--- Excerpted records ---

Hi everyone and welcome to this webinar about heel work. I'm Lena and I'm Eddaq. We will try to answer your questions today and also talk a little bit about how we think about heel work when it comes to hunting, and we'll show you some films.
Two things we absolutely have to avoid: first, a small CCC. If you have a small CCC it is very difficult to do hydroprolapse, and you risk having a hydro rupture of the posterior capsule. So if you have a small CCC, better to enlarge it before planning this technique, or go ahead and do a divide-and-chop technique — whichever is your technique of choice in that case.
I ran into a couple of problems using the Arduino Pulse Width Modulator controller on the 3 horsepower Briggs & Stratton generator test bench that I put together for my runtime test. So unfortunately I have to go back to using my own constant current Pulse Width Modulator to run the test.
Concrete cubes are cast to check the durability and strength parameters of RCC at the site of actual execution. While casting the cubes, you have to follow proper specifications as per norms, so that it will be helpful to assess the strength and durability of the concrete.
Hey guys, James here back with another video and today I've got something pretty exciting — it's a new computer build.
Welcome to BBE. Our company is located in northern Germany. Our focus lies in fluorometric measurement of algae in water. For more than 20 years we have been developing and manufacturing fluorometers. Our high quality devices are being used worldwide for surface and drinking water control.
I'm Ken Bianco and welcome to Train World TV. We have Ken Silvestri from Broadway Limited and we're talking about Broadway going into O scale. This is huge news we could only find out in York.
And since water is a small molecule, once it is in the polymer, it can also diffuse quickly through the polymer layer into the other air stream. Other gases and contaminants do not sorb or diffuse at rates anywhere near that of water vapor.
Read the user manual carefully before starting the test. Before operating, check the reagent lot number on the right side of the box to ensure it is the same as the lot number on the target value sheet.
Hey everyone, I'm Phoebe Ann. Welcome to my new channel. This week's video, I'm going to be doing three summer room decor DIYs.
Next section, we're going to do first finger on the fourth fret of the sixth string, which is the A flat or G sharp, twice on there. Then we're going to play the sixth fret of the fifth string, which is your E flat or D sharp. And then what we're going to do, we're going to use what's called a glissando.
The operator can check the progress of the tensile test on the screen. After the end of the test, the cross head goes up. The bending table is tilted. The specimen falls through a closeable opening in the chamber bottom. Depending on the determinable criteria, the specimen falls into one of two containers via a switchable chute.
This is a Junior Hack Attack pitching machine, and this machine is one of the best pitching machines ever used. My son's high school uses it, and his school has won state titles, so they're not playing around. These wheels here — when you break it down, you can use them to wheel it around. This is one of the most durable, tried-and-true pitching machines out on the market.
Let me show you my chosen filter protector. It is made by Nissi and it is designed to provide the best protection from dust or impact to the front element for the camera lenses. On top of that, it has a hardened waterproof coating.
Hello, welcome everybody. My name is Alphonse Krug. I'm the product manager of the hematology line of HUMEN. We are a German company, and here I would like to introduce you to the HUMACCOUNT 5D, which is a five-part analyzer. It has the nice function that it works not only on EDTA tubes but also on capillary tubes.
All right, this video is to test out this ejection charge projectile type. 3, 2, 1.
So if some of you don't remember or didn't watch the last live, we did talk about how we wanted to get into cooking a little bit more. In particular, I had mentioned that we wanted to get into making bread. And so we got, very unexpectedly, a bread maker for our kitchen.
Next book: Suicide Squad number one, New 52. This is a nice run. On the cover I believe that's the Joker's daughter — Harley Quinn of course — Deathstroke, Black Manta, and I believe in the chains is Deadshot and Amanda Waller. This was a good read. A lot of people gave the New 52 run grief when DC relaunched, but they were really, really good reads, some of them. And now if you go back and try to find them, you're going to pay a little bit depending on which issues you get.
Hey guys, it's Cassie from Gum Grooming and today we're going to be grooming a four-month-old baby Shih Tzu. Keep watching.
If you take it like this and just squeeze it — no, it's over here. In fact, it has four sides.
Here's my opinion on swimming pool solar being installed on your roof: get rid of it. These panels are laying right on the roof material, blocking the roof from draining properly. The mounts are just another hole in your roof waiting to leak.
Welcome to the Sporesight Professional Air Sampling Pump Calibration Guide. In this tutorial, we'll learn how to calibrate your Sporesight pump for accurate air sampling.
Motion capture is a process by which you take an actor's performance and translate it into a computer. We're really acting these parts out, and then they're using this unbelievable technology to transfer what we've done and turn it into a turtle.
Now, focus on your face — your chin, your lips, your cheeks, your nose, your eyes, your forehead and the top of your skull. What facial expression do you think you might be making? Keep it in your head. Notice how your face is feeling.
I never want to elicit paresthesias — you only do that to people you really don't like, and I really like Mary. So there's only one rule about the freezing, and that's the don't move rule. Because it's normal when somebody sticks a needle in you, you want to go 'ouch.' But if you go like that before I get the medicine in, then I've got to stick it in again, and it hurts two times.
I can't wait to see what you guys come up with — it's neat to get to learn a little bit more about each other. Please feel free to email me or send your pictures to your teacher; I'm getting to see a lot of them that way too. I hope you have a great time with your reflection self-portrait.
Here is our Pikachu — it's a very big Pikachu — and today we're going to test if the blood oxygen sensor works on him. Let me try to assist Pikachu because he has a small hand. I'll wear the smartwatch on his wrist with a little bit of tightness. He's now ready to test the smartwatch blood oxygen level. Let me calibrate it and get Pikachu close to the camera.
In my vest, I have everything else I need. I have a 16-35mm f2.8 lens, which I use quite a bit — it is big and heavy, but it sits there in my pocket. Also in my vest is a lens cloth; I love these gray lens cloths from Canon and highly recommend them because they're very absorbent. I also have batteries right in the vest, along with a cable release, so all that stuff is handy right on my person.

---

**Try it**
A copy of each line above that holds the word "Keep" is the expected answer.

**Exercise result**
Hey guys, it's Cassie from Gum Grooming and today we're going to be grooming a four-month-old baby Shih Tzu. Keep watching.
Now, focus on your face — your chin, your lips, your cheeks, your nose, your eyes, your forehead and the top of your skull. What facial expression do you think you might be making? Keep it in your head. Notice how your face is feeling.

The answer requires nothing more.